High‑Concurrency Price Protection System: Rate Limiting, Degradation, Caching, Sharding, and Scalable Task Processing

This article describes how JD built a high‑concurrency price‑protection service for the 618 promotion, covering rate‑limiting, degradation, CDN and data caching, database sharding with smooth expansion, and a multi‑stage, fault‑tolerant task‑processing workflow to achieve unlimited scalability.

JD Tech
JD Tech
JD Tech
High‑Concurrency Price Protection System: Rate Limiting, Degradation, Caching, Sharding, and Scalable Task Processing

During JD's 618 promotion, a massive surge in orders and frequent price changes required a robust price‑protection service that could maintain user experience, system stability, high availability, and fast calculations under extreme concurrency.

Rate Limiting (High Wall)

Normal user limiting : Based on load testing, each server’s maximum capacity is determined and a request counter (e.g., 10,000 requests per minute) is applied; exceeding the threshold triggers degradation, after which the counter resets.

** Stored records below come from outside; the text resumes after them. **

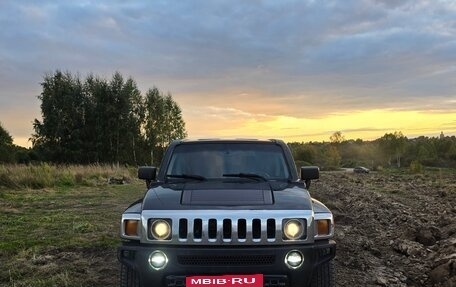 Hummer H3, 2008 год, 2 200 000 рублей, 2 фотография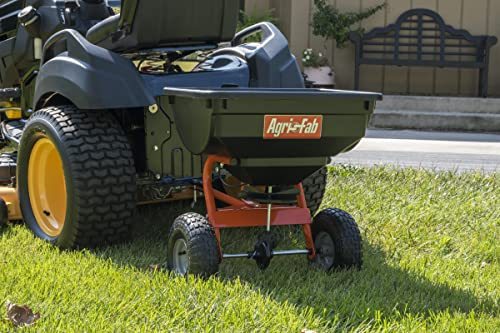Agri-Fab 45-0530-131, 85 lb. Tow Broadcast Spreader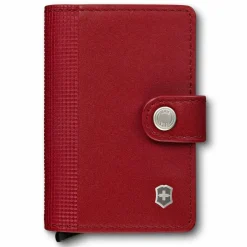 Online Victorinox Altius Secrid Kreditkartenetui RFID Schutz Leder 10 cm victorinox red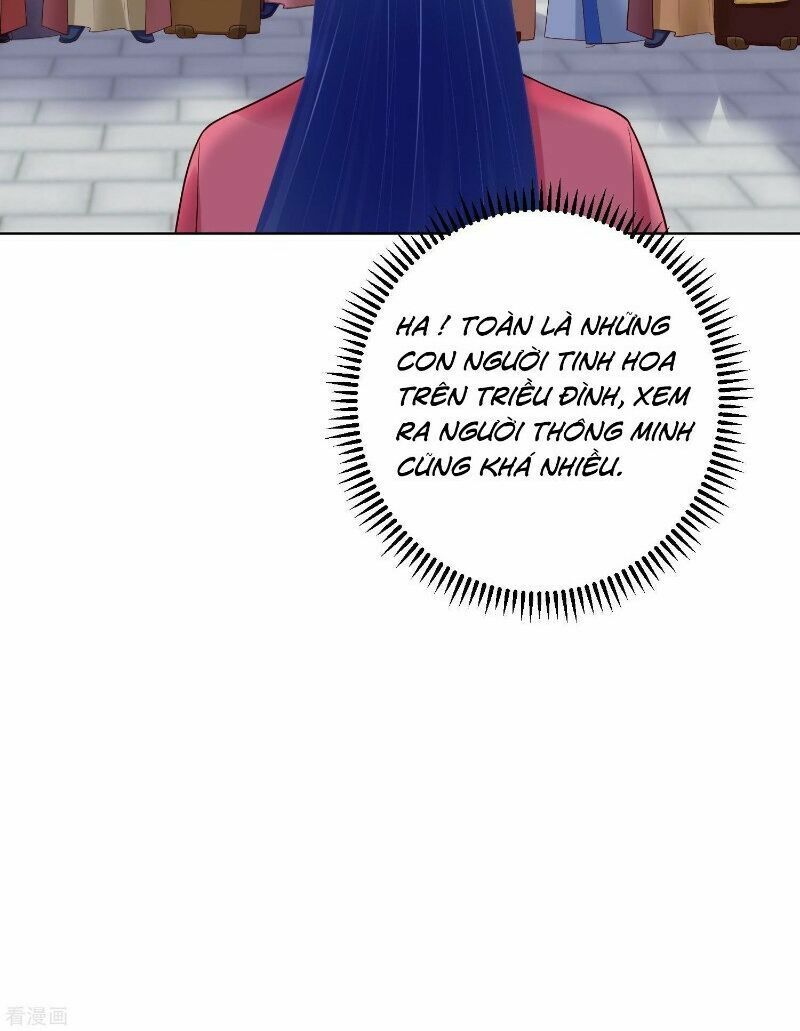 Độc Y Đích Nữ: Chapter 126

Violent user limiting : Malicious traffic is filtered using IP/user blacklists; Redis atomic counters enforce a stricter limit (e.g., 120 requests per minute per IP) to protect normal users.

Degradation

When an interface fails, a centralized configuration switch managed by Zookeeper disables the faulty service and returns a fallback result, while local snapshots ensure continuity if the central switch fails.

Data Preparation (Broad Accumulation)

Static resources are cached via CDN, and frequently accessed data (e.g., order snapshots) are proactively cached to avoid real‑time DB hits, reducing backend pressure.

Simplify Processing (Simplify Complexity)

Front‑end simplification : Load only essential data initially; use AJAX to fetch secondary information later, ensuring quick page rendering.

Back‑end simplification : A three‑step async flow—insert anti‑duplicate record, save application data, dispatch processing task—allows rapid intake and later acceleration of task execution.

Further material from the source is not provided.